> **Exercise description**: Print out the data that follows exactly, character for character, apart from the pictures.

> **Information supplied**:
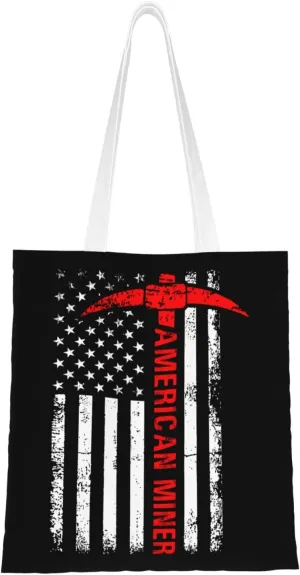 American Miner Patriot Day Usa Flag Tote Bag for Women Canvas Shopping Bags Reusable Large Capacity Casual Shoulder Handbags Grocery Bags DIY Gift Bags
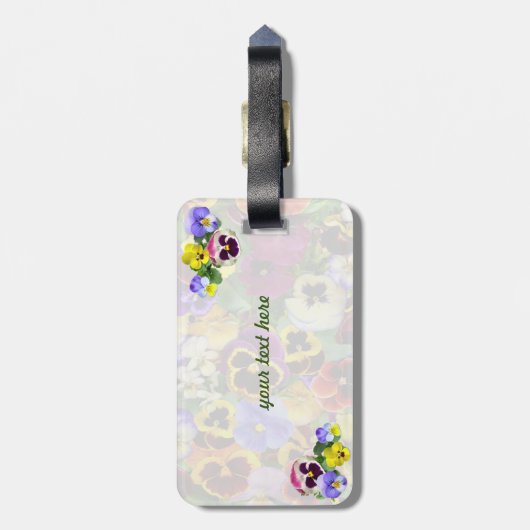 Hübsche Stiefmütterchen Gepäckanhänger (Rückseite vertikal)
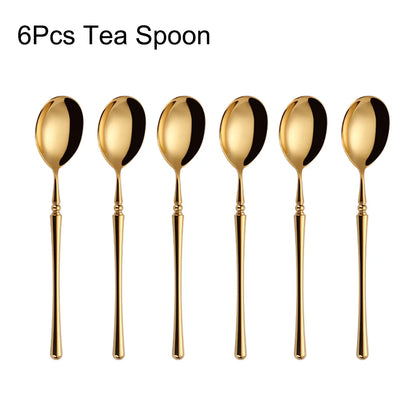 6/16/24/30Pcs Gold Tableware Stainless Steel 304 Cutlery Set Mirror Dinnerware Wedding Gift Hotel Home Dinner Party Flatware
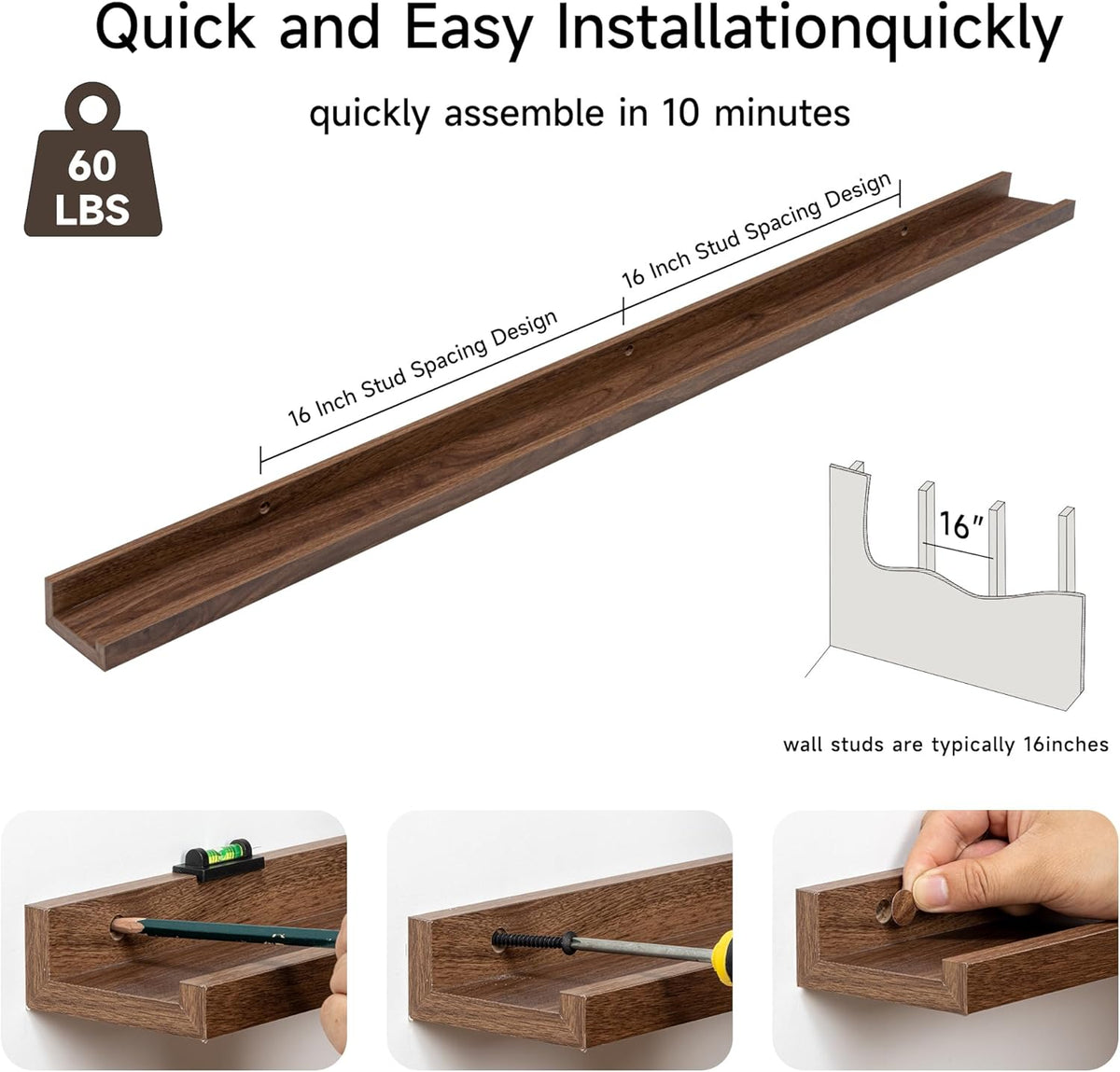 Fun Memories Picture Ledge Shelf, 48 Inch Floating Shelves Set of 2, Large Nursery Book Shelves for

> **Response to this exercise**:
 American Miner Patriot Day Usa Flag Tote Bag for Women Canvas Shopping Bags Reusable Large Capacity Casual Shoulder Handbags Grocery Bags DIY Gift Bags
 Hübsche Stiefmütterchen Gepäckanhänger (Rückseite vertikal)
 6/16/24/30Pcs Gold Tableware Stainless Steel 304 Cutlery Set Mirror Dinnerware Wedding Gift Hotel Home Dinner Party Flatware
 Fun Memories Picture Ledge Shelf, 48 Inch Floating Shelves Set of 2, Large Nursery Book Shelves for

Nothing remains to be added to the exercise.